# legally blind want to get Sirius



## mplsjeffm (May 28, 2005)

I am legally blind and looking for a Sirius radio.
It needs to be something with a large LED display. Buttons that one can feel. The buttons should not be multifunction. 
Does anyone have a suggestion on what radio would work the best?
Thanks
Jeff


----------



## zman977 (Nov 9, 2003)

mplsjeffm said:


> I am legally blind and looking for a Sirius radio.
> It needs to be something with a large LED display. Buttons that one can feel. The buttons should not be multifunction.
> Does anyone have a suggestion on what radio would work the best?
> Thanks
> Jeff


Being legally blind I have not seen, I know that sounds funny, a SIRIUS receiver that I can read. We have the sportser plug n play and unless I am putting nose prints on the screen I cannot read it and the black letters on the orange back ground don't help. The folks at SIRIUS and for that matter XM should realize that legally blind people use their services and develope a larger display. I love my SIRIUS unit, I just wish I could read it. The buttons are easy to feel. Once you get everything memorized it is easy to navigate. The S 50 receiver is worse. The display is smaller. I have not seen any unit for SIRIUS or XM that is easy for me to see the display.


----------



## Fifty Caliber (Jan 4, 2006)

I wish they would make a unit that had a "video" output for the display. That way you could put the display on your TV screen, need a bigger display, you can get a bigger TV.


----------



## deraz (Sep 25, 2004)

I have the Starmate Replay. You can adjust the display screen so that the letters are huge.


----------



## Fifty Caliber (Jan 4, 2006)

Yeah but if you could put that 3 1/2" display onto a 27" TV, it's big enough for just about anyone to see.


----------



## Carroll A (Dec 6, 2004)

Fifty Caliber said:


> Yeah but if you could put that 3 1/2" display onto a 27" TV, it's big enough for just about anyone to see.
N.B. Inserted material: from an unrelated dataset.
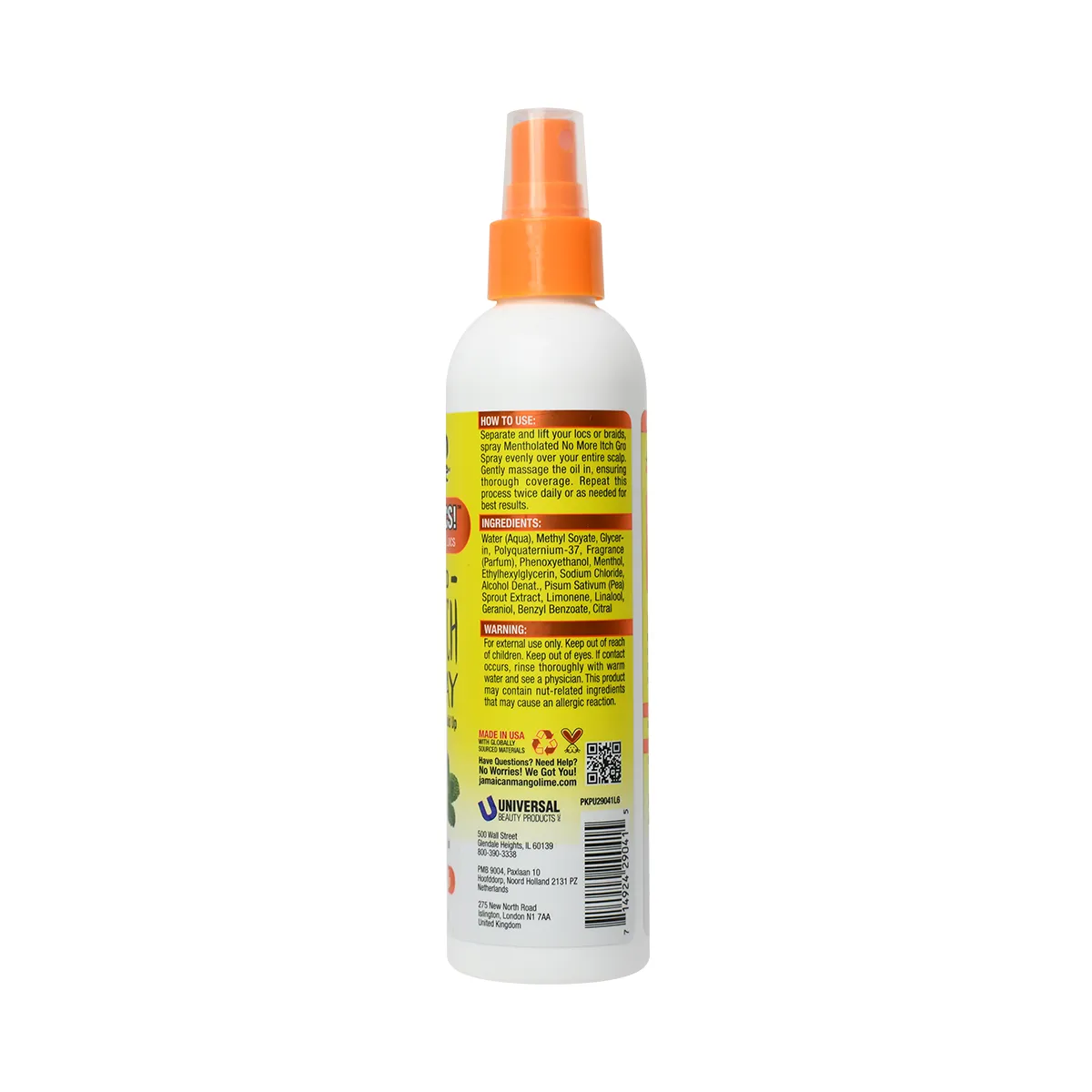 No More Itch Gro Spray - Mentholated – Jamaican Mango & Lime No More Itch Gro Spray - Mentholated – Jamaican Mango & Lime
Me and my wife are thinking about getting the S50... It reads the name of the channel you are on and from what she described to me all of the buttons that might get me into no mans land are in spots that are not easy to hit and get you lost... My vision is getting worse and worse so for a few bucks extra I think that is the way me and my wife are going... CC


----------